Yol boyunca deli gibi tartışmıştık. Neymiş bütün vücut hatlarım ıslak elbisemden görünüyormuş. Bundan ona ne? İstersem elbisemi çıkartıp iç çamaşırlarımla da gezebilirdim. Buna kimse karışamaz, hele hiçbir şeyim olan adam hiç karışamazdı.

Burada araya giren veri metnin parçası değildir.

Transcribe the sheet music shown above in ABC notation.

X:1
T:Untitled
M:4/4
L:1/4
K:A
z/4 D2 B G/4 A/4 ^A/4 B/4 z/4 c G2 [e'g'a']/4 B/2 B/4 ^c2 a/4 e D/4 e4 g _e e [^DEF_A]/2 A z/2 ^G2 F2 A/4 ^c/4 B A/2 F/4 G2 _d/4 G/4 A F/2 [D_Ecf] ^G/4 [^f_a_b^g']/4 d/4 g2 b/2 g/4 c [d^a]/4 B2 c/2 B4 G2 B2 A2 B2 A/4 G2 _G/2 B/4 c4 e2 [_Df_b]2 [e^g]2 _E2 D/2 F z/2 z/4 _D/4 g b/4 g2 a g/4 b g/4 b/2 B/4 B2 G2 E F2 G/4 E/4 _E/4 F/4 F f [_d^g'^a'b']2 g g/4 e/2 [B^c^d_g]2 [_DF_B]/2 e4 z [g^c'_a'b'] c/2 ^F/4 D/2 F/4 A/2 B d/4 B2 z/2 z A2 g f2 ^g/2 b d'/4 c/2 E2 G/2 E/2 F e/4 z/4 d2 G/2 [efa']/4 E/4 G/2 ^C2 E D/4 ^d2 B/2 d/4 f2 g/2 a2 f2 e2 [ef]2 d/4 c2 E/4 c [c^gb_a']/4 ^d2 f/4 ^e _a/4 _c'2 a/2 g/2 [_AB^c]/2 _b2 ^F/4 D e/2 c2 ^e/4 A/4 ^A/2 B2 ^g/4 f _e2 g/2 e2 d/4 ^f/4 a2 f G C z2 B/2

"Azra, sana bunu ödeteceğim biliyorsun değil mi?" Arkamdan hızla yanıma geldiğinde kendimi kucağında bulmam bir oldu. "Nasıl ödeteceksin? Çok merak ettim." Muzipçe gülümseyip dudaklarına baktığımda yutkunup belimdeki elini kalçalarıma indirdi. "Seninle deli gibi sevişeceğimiz günü iple çekeceğim." Deyip kalçamdaki ellerini hafifçe sıktı. "Ne yani seviştiğimizde beni kırbaçlayacak mısın? Ya da kollarımı yatağa mı bağlayacaksın? Bana bak, ben öyle fantazilerden nefret ediyorum! Sakın öyle aptallıklar yapma yoksa seninle asla sevişmem." Deyip sinirle yüzüne baktım.
"Saçmalama o kadar kaba biri değilim." Deyip kafamı göğsüne yatırdığında gülümseyip, "Zaten o kadar kaba olmadığını biliyordum." Dedim. Kollarımı boynuna sıkıca sarıp gözlerimi kapattım. "Aras ben sarhoş değilim... Ve seninle sevişmek istiyorum artık." Mırıltıyla konuştuğumda titreyen bedeninden güldüğünü hissetmiştim.
"Sarhoş değilsin ama tam olarak ayık da değilsin. Bu yüzden bugün sevişmeyelim." Dediğinde kafamı göğsünden kaldırıp dudaklarımı büzdüm. "O zaman sadece öpüşelim...Bak öpüşmede gerçekten çok iyiyim. Seninle dakikalarca öpüşebilirim. En azından bu gece öpüşelim." Yalvarır gözlerle bakıp, "Lütfen..." Dedim. "Lütfen bu gece öpüşelim."
"Tamam, öpüşelim... Ama sakın unutma." Dediğinde beni yere bıraktı. Öpüşeceğimizi sanıp parmak uçlarıma çıktım ama evimin önünde olduğumuzu görünce iç çekip bir adım geri çekildim. "Sanırım içeride öpüşsek daha güzel olur." Aras'ın fikri gayet güzeldi bu yüzden hızla çantamdan anahtarı çıkartıp kapıyı açtım. Ben önden Aras ise arkadan eve girince kapıyı kapattım.